Predicting motion trends and measuring how well the predicted trajectory matches real trajectory data are two ways to evaluate trajectory prediction accuracy. We use two-dimensional line graphs to show the prediction data of longitude, latitude, and altitude of different models in order to more clearly represent the results of the comparison experiments, as shown in Fig. 4a–c. Additionally, we combine the data from Fig. 4a–c in Fig. 4d to demonstrate the flight direction and trend in 3D. As shown in Fig. 4a–c, the predicted trajectory distributions of the HMM, BP, CNN-LSTM, and attention-LSTM models suggested in this paper can effectively represent the trend of real trajectories, in contrast to SVM solely. SVM does a good job of predicting longitude trends but fails to illustrate the latitude and altitude movement trends of the real trajectory. The HMM is a well-known approach in the field of trajectory prediction. The prediction results diverge significantly from the real data, despite being similar to the motion trend. This could be as a result of the enormous amounts of prediction data in this study, which caused frustrating prediction results. The complexity of the experimental data is a reason for the error that’s too high, even though the CNN-LSTM prediction result is smoother than the HMM’s. The advantages of the convolution module in the CNN-LSTM model can be effectively utilized and the accuracy of model prediction improved by enriching trajectory data and increasing data dimensionality, especially by adding complex scenes. On the dataset in this paper, both BP and attention-LSTM have good prediction results that are not only compatible with the movement trend of the real trajectory but also have a minimal difference between the prediction results and the real data.

Figure 4
figure 4

Prediction results of attention-LSTM, BP, CNN-LSTM, HMM, and SVM models.

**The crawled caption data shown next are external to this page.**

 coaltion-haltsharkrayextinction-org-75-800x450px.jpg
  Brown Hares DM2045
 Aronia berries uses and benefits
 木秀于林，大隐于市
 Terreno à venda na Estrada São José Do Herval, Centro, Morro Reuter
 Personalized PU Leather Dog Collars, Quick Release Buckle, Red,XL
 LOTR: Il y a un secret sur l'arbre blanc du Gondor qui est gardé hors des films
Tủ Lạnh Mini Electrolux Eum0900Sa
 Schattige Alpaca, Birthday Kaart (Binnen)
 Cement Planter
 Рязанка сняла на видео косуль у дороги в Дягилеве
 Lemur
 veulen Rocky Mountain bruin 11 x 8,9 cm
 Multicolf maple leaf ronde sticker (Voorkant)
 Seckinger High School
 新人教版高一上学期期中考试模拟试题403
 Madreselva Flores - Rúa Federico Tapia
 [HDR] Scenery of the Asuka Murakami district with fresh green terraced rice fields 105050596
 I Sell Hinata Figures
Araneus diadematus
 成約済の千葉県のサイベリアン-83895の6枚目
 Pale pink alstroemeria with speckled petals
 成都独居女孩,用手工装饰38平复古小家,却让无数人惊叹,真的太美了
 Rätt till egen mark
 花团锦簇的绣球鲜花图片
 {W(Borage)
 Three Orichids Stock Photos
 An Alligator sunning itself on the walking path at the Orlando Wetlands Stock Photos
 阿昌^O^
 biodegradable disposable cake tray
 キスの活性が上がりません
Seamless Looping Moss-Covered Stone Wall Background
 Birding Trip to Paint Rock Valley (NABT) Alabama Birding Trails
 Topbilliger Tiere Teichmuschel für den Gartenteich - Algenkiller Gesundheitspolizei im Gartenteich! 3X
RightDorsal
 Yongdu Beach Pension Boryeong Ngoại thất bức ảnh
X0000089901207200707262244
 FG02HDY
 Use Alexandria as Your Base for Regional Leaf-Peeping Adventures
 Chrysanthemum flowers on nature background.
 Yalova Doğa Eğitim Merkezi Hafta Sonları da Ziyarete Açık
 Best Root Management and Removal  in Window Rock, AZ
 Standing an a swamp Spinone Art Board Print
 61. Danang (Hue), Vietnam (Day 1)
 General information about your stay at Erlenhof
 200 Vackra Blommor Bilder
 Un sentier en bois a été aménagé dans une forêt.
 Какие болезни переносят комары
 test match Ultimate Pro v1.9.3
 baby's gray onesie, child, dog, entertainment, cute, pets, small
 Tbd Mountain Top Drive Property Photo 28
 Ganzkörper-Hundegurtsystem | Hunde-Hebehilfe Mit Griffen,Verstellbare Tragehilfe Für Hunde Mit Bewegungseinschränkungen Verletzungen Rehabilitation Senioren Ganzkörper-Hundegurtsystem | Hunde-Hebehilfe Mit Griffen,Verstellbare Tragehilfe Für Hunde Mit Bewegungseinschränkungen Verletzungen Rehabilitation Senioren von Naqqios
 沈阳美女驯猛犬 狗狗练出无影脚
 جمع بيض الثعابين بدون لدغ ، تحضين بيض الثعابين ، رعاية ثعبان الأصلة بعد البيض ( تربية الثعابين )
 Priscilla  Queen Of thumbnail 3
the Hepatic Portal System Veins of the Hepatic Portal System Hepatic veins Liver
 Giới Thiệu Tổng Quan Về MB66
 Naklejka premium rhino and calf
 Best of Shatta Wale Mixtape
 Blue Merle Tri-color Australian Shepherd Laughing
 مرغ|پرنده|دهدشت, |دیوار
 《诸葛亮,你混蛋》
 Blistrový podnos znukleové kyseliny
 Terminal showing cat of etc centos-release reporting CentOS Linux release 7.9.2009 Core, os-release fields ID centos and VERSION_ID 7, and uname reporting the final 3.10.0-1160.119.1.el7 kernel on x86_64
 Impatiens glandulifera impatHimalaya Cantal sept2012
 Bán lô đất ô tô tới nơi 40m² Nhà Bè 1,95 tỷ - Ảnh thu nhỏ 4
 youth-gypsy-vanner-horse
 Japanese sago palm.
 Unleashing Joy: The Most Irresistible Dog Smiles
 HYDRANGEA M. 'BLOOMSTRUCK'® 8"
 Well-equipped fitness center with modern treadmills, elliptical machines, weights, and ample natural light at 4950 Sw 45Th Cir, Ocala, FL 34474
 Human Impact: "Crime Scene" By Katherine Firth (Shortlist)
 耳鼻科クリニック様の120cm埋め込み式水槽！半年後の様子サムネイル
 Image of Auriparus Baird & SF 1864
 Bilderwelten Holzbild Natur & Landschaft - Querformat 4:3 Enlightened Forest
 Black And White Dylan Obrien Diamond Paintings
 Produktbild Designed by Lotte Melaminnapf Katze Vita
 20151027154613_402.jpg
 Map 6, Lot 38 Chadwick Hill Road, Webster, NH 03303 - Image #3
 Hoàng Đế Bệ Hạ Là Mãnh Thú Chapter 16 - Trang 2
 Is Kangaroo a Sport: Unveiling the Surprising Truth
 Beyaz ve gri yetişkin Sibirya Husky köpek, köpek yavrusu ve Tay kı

We create bar charts of the RMSE, MAE, and MRE from the perspectives of longitude, latitude, and height to more clearly illustrate the error value between the trajectory prediction data and the real data between the comparison model and the proposed model, as shown in Fig. 5a–c. Moreover, we calculated the DTW values of the SVM, HMM, BP, CNN-LSTM, and attention-LSTM prediction trajectories and real data because DTW is commonly used as a metric for time series data to compare the similarity of two time series prediction trajectories. A bar graph was also designed, shown in Fig. 5d. The predicted trajectory of the model presented in this paper is more similar to real data, as shown in Fig. 5d.

Figure 5
figure 5

Evaluations of trajectory prediction with attention-LSTM, BP, CNN-LSTM, HMM, and SVM models.

Conclusion

In order to better analyze and process ADS-B data, improve the accuracy of 4-D aircraft trajectory prediction, and realize the operation of intelligent air traffic control as soon as possible, this paper proposes an attention-LSTM 4-D aircraft trajectory prediction model. By adding an attention mechanism, the model pays more attention to the interaction between data on the basis of LSTM prediction, integrates valuable influence information, and improves the accuracy of prediction. In addition, a series of preprocessing on the ADS-B data used in the experiment is also a necessary means to improve the prediction accuracy in this paper. The attention-LSTM model proposed in this paper is compared with LSTM neural network, SVM, BP neural network, Hidden Markov Model (HMM) and CNN-LSTM neural network. Under the same experimental environment, the model architecture proposed in this paper outperforms the typical algorithms and most commonly used prediction models used in the trajectory prediction field. We also held ablation experiments to prove the efficiency of each module of the method in this paper. In the next step of research, we plan to consider more factors that affect the flight process, such as meteorology, geographic features, and the interaction between aircraft, etc., and improve our prediction model to adapt to the needs of emergencies.